>>
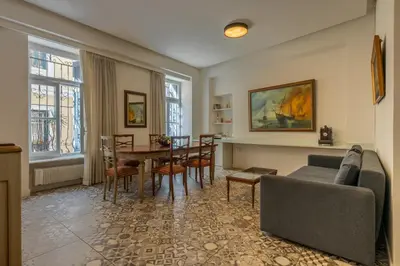 a living room with a couch and a table at The Acropolis Mansion in Athens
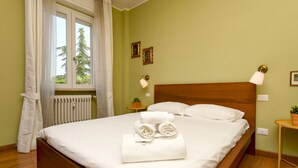 Una cama bien hecha con sábanas blancas y toallas enrolladas, cabecera de madera, mesita de noche con lámpara y ventana con cortinas.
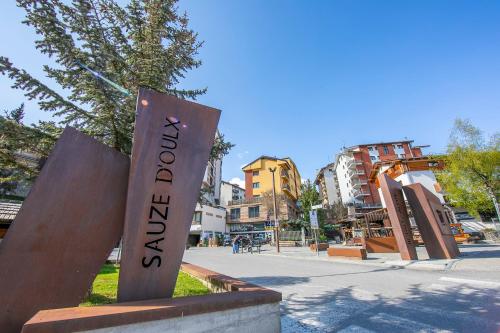 a sign with the word tourism on a city street at Studio Clotes Ski In - Ski Out - Happy Rentals in Sauze dʼOulx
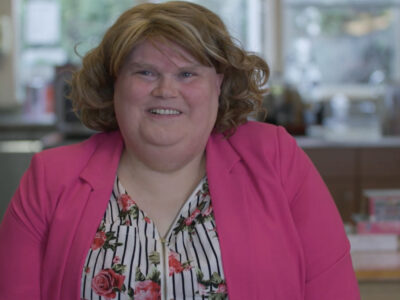 Leah-Nora smiling at the camera in a pink cardigan and a striped floral blouse
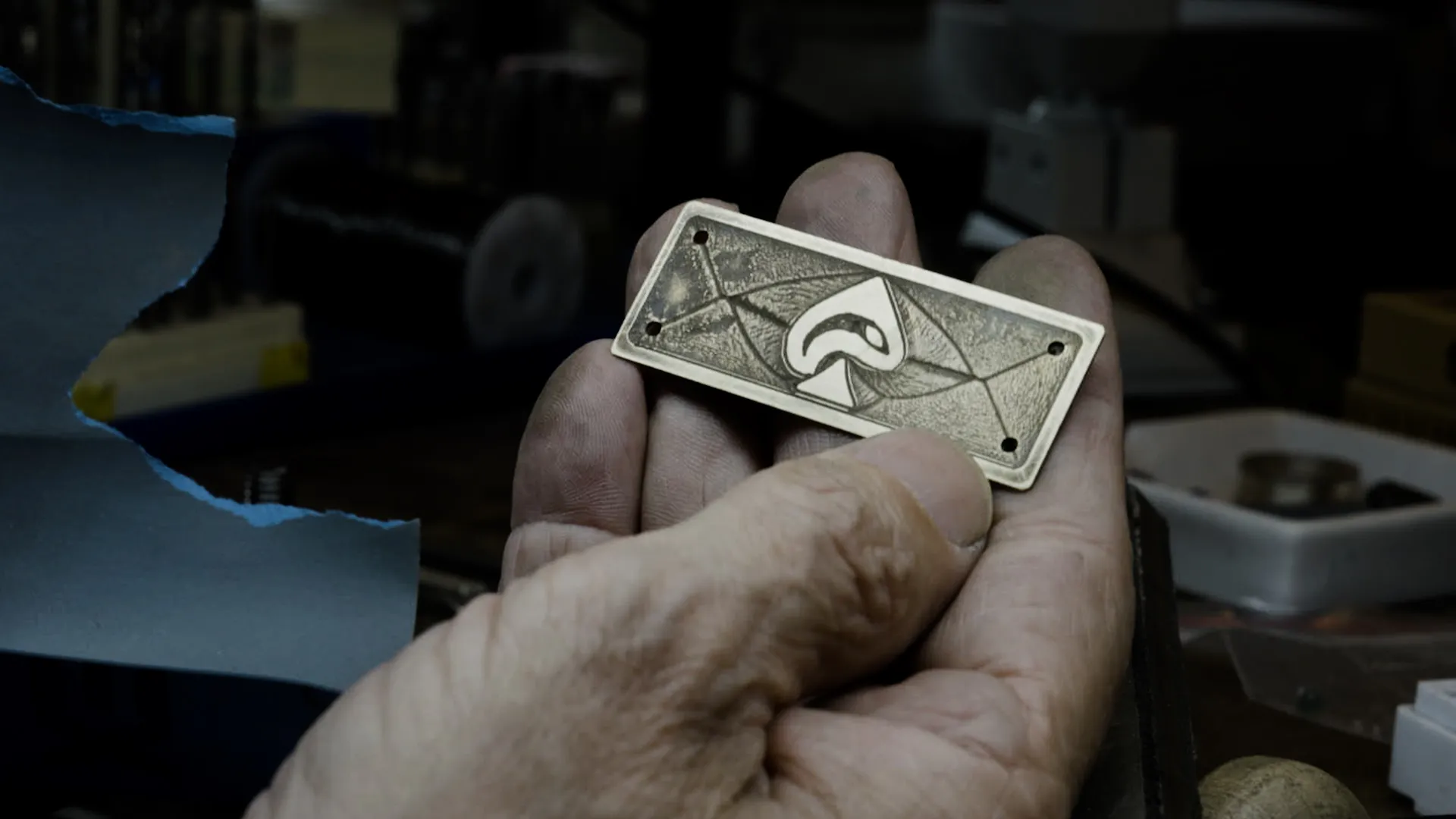 The goldsmith's hand holding the finished Iron Pike brass badge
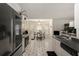 Well-lit kitchen features white cabinets, black countertops, and adjacent dining area at 4378 Chestnut Oaks Trce, Lithonia, GA 30038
<<
* [Task brief]:
Would you please restate the records word for word, excluding any images?

* [Your solution]:
 a living room with a couch and a table at The Acropolis Mansion in Athens
 Una cama bien hecha con sábanas blancas y toallas enrolladas, cabecera de madera, mesita de noche con lámpara y ventana con cortinas.
 a sign with the word tourism on a city street at Studio Clotes Ski In - Ski Out - Happy Rentals in Sauze dʼOulx
 Leah-Nora smiling at the camera in a pink cardigan and a striped floral blouse
 The goldsmith's hand holding the finished Iron Pike brass badge
 Well-lit kitchen features white cabinets, black countertops, and adjacent dining area at 4378 Chestnut Oaks Trce, Lithonia, GA 30038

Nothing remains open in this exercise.